Task requirements = Write out the entries below once more, exactly, with the pictures left out.

(Crawled caption data)
● ● ●

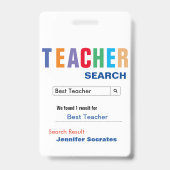 Funny Custom Best Teacher Gift Badge (Achterkant)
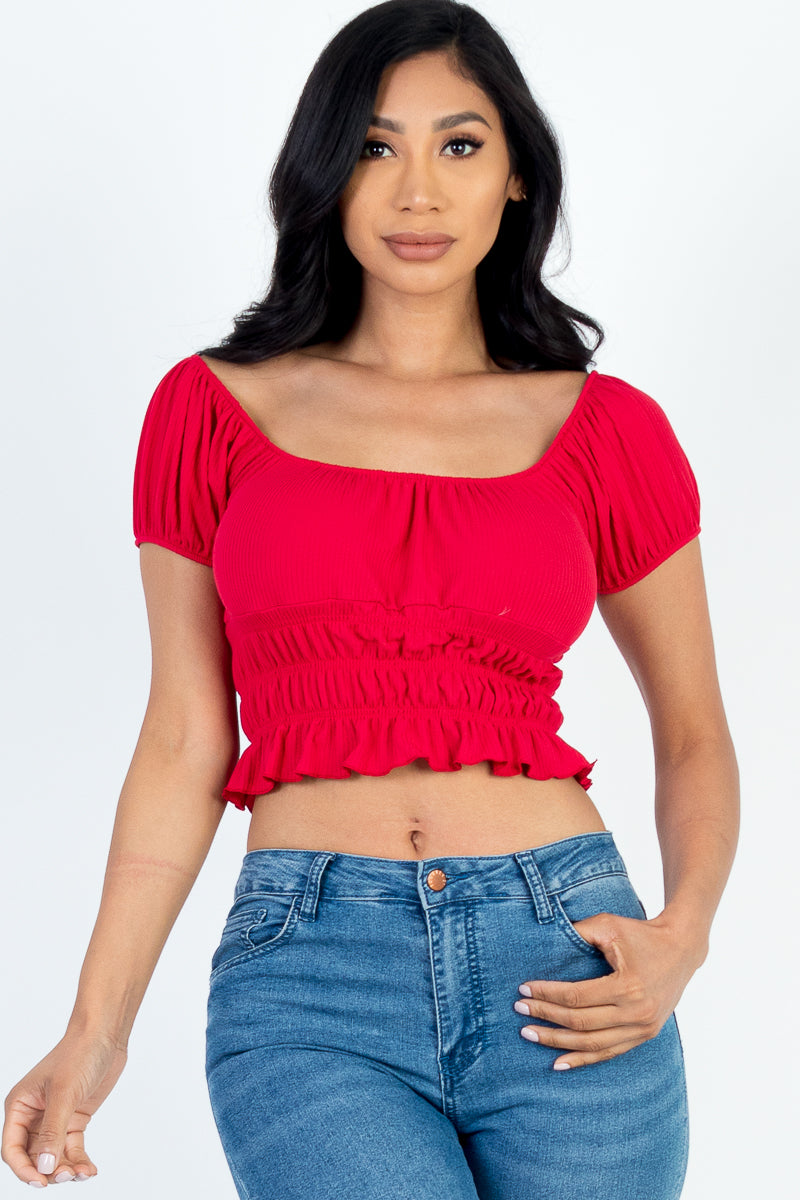 Casual Ruched Puff Sleeve Ribbed Knit Solid Top (CAPELLA)-22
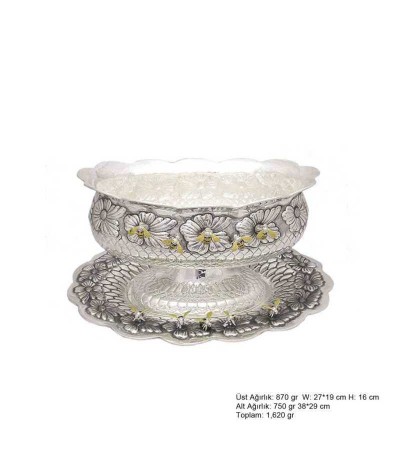 Arı Desenli Oval Gümüş Boller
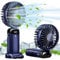 AMFUN Portable Handheld USB Rechargeable Personal Fan - 4800mAh, Foldable Desk Fan with LED Display, 5 Speeds for Outdoor/Indoor (Blue)
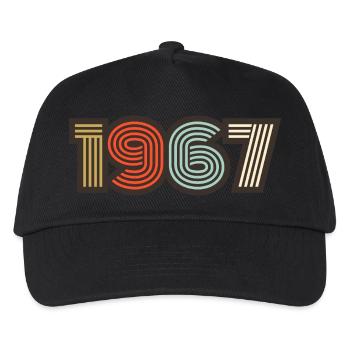 1967 Retro Jahrgang - Kinder Basecap - Schwarz - Vorne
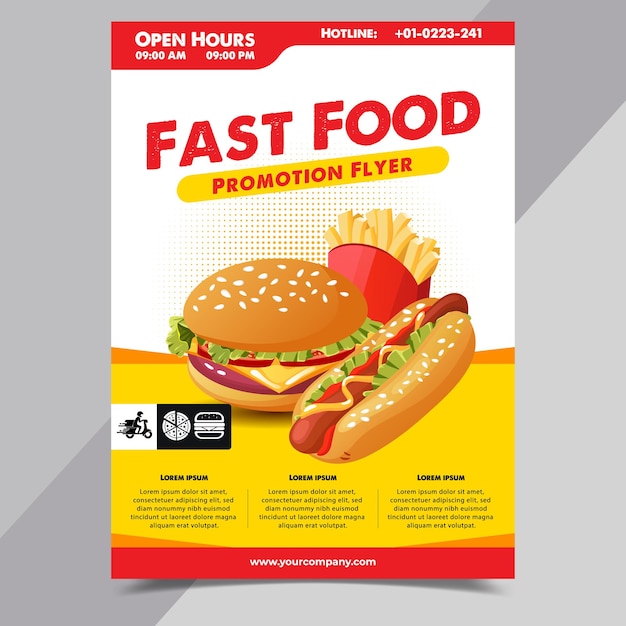 Vibrante diseño de volante de promoción de comida rápida con perrito caliente de hamburguesa y papas fritas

● ● ●

Answer below =
 Funny Custom Best Teacher Gift Badge (Achterkant)
 Casual Ruched Puff Sleeve Ribbed Knit Solid Top (CAPELLA)-22
 Arı Desenli Oval Gümüş Boller
 AMFUN Portable Handheld USB Rechargeable Personal Fan - 4800mAh, Foldable Desk Fan with LED Display, 5 Speeds for Outdoor/Indoor (Blue)
 1967 Retro Jahrgang - Kinder Basecap - Schwarz - Vorne
 Vibrante diseño de volante de promoción de comida rápida con perrito caliente de hamburguesa y papas fritas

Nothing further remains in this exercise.